14.1.05

O corpo feminino, objecto?

No ginásio está sintonizado um canal de televisão que só passa telediscos. Por coincidência ou não, à hora que lá vou passa uma sequência de telediscos que põem em destaque a beleza do corpo feminino. São corpos de mulheres que desfilam com o mínimo de roupa indispensável. Corpos que percorrem o ecrã em câmara lenta, para se apreciarem as curvas delgadas que despertam as hormonas masculinas. A música que acompanha as imagens é um simples adereço.

Um destes dias a minha monitora, uma jovem brasileira, insurgiu-se contra o aproveitamento do corpo feminino. Disse de sua justiça contra a banalização da mulher que se mostra sem preconceitos, fazendo as delícias dos homens. Protestou contra a “coisificação” da mulher quando o seu corpo se desnuda com uma facilidade que faz esquecer o mito do pecado original. Isto aconteceu num dia em que passavam imagens deveras atraentes, que prendiam meia dúzia de marmanjos ao ecrã, num intervalo entre dois exercícios físicos. Talvez por ter reparado no imbecil embevecimento dos comparsas de ocasião (entre os quais o escriba se inseria), ela não conseguiu calar a sua revolta.

As imagens que enchiam as vistas eram de mulheres esbeltas que se mostravam de forma provocatória numa praia. O ambiente lembrava as praias das Caraíbas, com as suas areias finas e brancas e a água do mar de um azul-turquesa esplendoroso. As imagens da idílica paisagem entrecortavam a passerelle de corpos femininos que se sucediam, biquinis reduzidos à mínima expressão, poses provocantes, olhares penetrantes em jeito de desafio. Os olhos masculinos não podiam ficar indiferentes. Tanto que por momentos nos tínhamos esquecido do objectivo de frequentar um ginásio…

A voz de protesto da brasileira ecoou nos nossos ouvidos. Alguns desmobilizaram, assobiando para o ar. Já não me recordo com exactidão qual foi o comentário que ela fez. Sei que, com a espontaneidade de um elefante que se passeia, desajeitado, numa loja de porcelanas, retorqui: “pois, então no Brasil é que isto é mais evidente”. O que fui dizer! Esquecendo-me por momentos de que ela era brasileira, e que tinha acabado de vociferar contra o aproveitamento do corpo feminino, aquelas palavras foram as mais inoportunas. Por delicadeza, escusou-se a responder ao meu comentário. Mas não escapei a um olhar de indignação disparado em minha direcção.

Será verdade que estamos num tempo em que a desvergonha impera levando à transformação do corpo feminino numa coisa? Será o reflexo da materialização da mulher, como se ela fosse cada vez mais um objecto? Francamente, não me apetece contribuir para este peditório tão caro às feministas empedernidas. Apetece apenas dizer isto: o corpo feminino é mais belo que o corpo masculino. É natural que haja mais “mercado” para o acto de desnudar corpos femininos. Será que os espécimes que mostram os atributos que a mãe natureza generosamente lhes dotou foram forçadas a desfilar num estado próximo daquele em que vieram ao mundo? Será a nova forma de escravatura – estendendo conceitos para além do razoável, como está tanto na moda?

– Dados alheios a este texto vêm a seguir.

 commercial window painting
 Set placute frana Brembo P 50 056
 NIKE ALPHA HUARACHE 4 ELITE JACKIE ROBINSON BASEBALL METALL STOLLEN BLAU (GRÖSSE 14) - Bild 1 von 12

Poderão dizer-me que o dinheiro consegue tudo. Perante a necessidade há mulheres que não hesitam em mostrar ao mundo a beleza dos seus corpos. Por mais aviltante que o dinheiro seja rotulado, há um aspecto que está por cima dessa apreciação ética: o livre arbítrio de quem aceita posar para as câmaras, para deleite dos homens que não resistem ao encanto de um corpo feminino.

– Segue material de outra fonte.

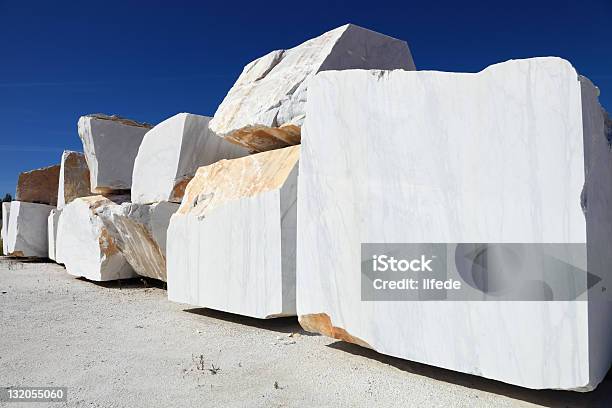 Carrara Marble Stock Photo - Download Image Now - Block Shape, Marble - Rock, Quarry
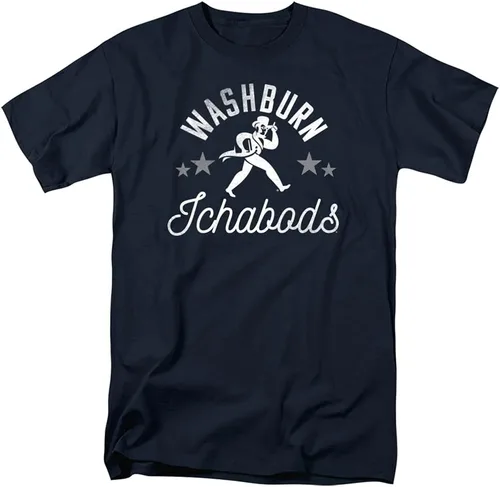 Vista 62 de Collegiate Distressed Mascot Unisex Adult T Shirt Collection 3 Universidad de Adelphi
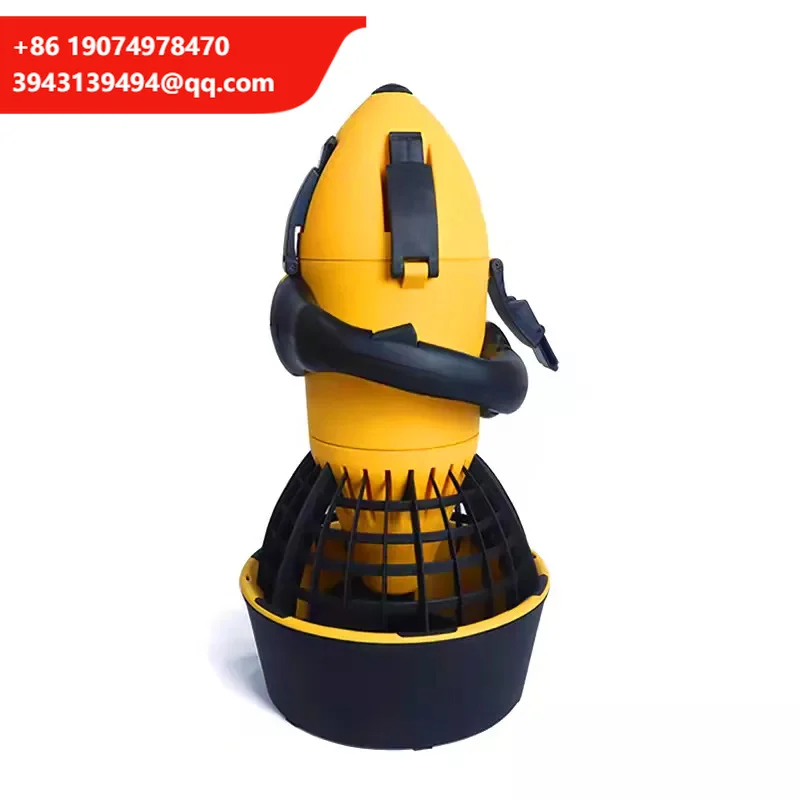 

500W Electric Underwater Scooter Dual Speed Water Propeller Underwater Auto Cycle Ocean Pool Diving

Não sei se será coincidência: em regra, a indignação contra a ideia de corpo feminino como objecto vem daquelas que carregam o fardo de celulite, das que deixaram perdido algures no passado a beleza do corpo, das que nunca foram bafejadas pela generosidade divina da estética da sensualidade, das que nunca poderiam ser convocadas para desfilar do desnudamento dos corpos, das intelectuais que se perdem em minudências para esconder frustrações íntimas, das feministas militantes, das que carecem de vitamina P. Peso na consciência, ou pura dor de cotovelo?